Start of Block
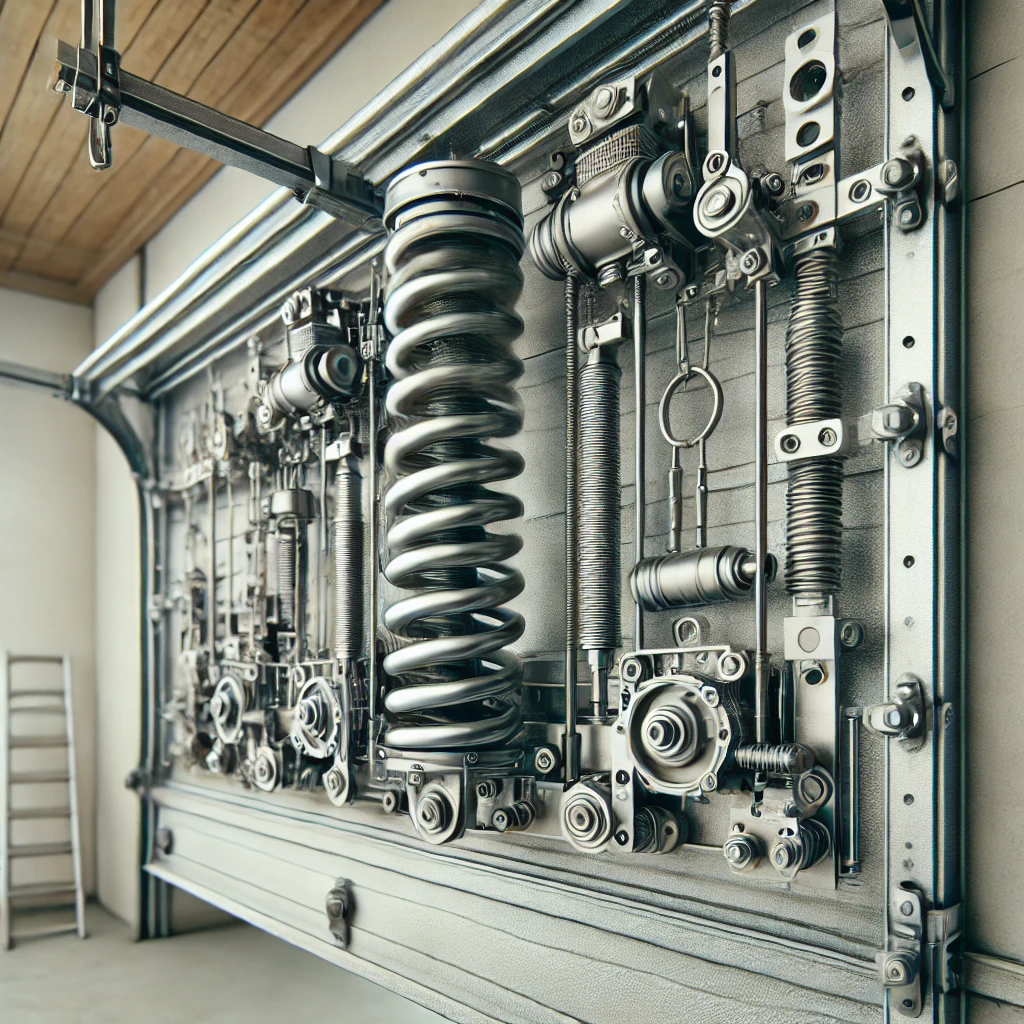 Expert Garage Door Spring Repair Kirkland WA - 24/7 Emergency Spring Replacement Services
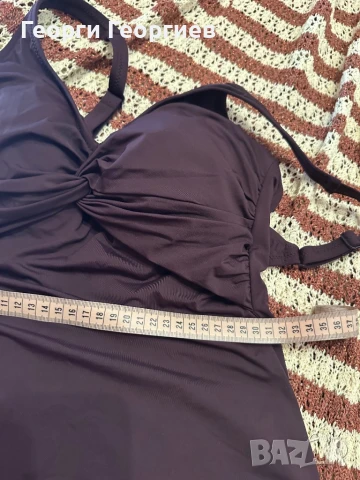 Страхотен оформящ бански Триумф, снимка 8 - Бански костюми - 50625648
End of Block
Start of Block
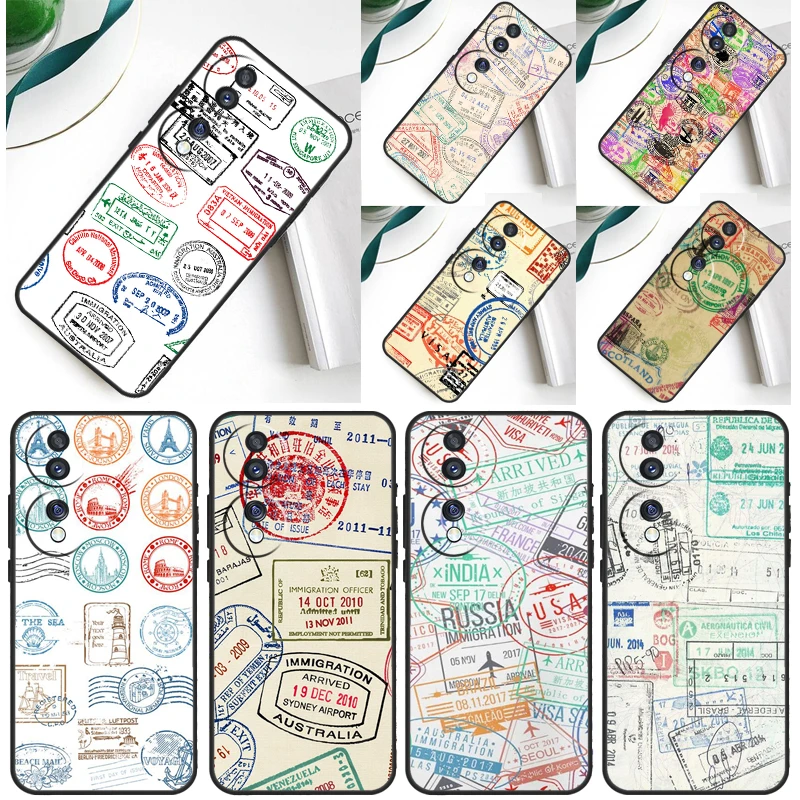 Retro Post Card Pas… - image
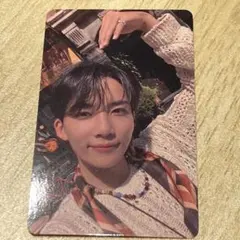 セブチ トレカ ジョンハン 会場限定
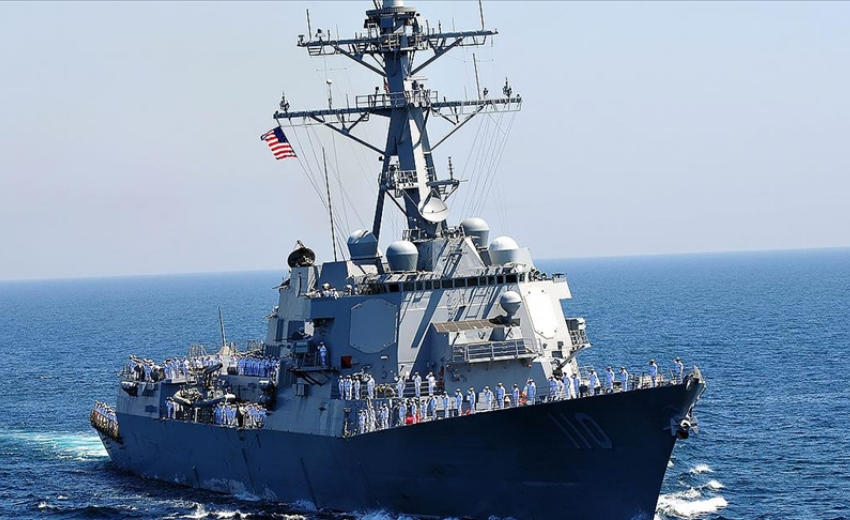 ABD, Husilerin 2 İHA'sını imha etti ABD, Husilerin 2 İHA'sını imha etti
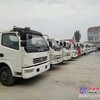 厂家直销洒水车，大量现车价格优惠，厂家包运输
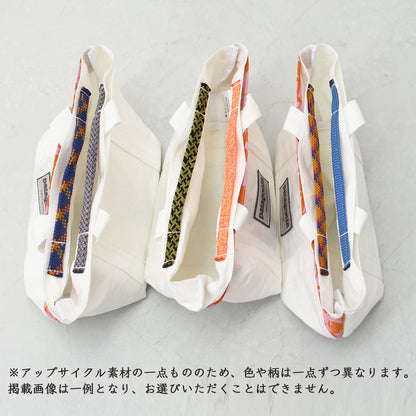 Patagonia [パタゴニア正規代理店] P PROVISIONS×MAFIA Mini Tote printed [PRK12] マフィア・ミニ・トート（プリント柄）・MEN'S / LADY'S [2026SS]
End of Block
Start of Block
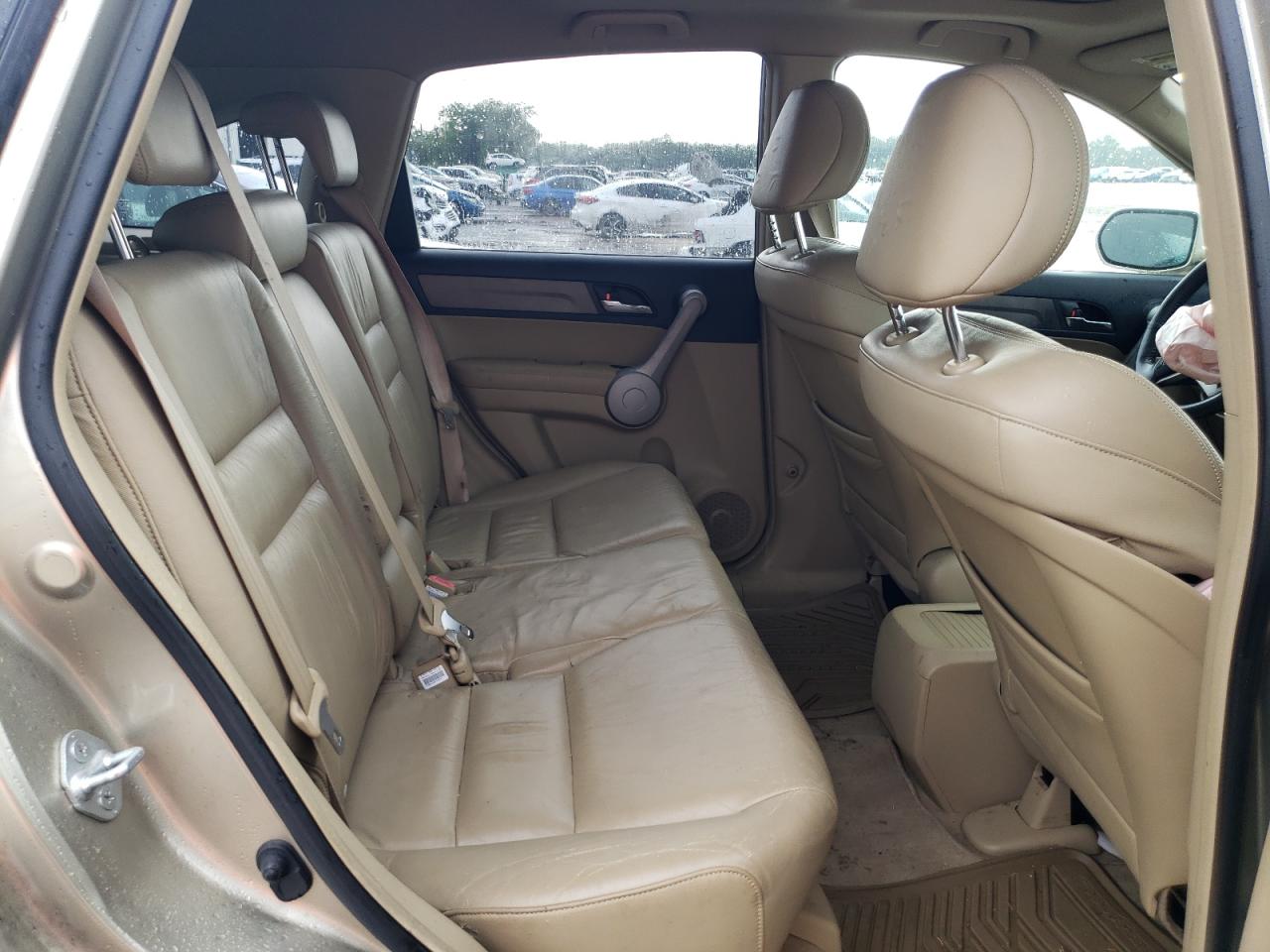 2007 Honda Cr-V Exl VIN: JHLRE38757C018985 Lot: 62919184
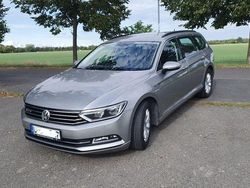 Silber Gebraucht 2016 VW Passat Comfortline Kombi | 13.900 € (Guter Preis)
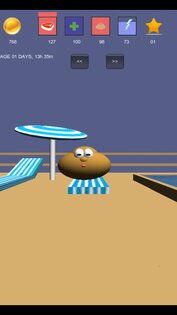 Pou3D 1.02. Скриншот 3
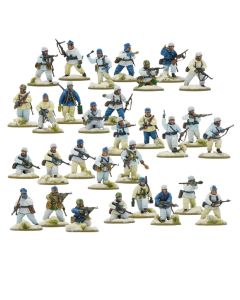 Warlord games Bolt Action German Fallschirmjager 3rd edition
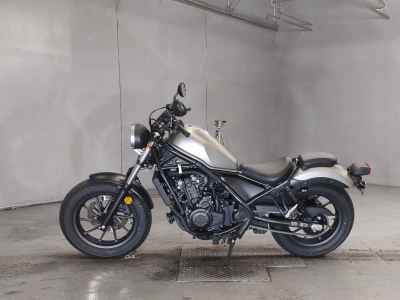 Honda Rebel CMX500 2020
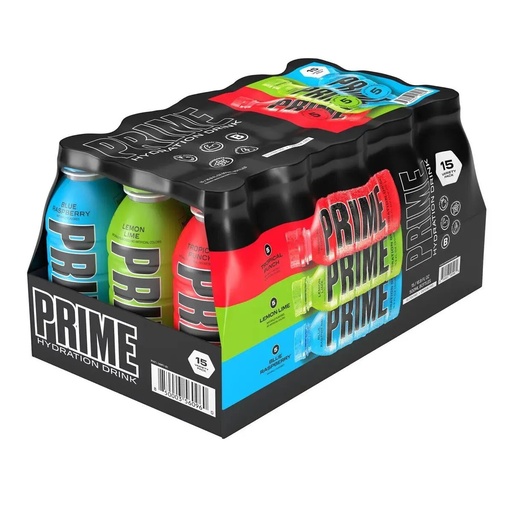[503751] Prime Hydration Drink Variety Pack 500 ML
End of Block
Exercise prompt: Every line above between the one containing "Expert Garage Door" and the one containing "Страхотен оформящ бански", those two included, is to be printed exactly. No pictures go into the copy.

Response area:
 Expert Garage Door Spring Repair Kirkland WA - 24/7 Emergency Spring Replacement Services
 Страхотен оформящ бански Триумф, снимка 8 - Бански костюми - 50625648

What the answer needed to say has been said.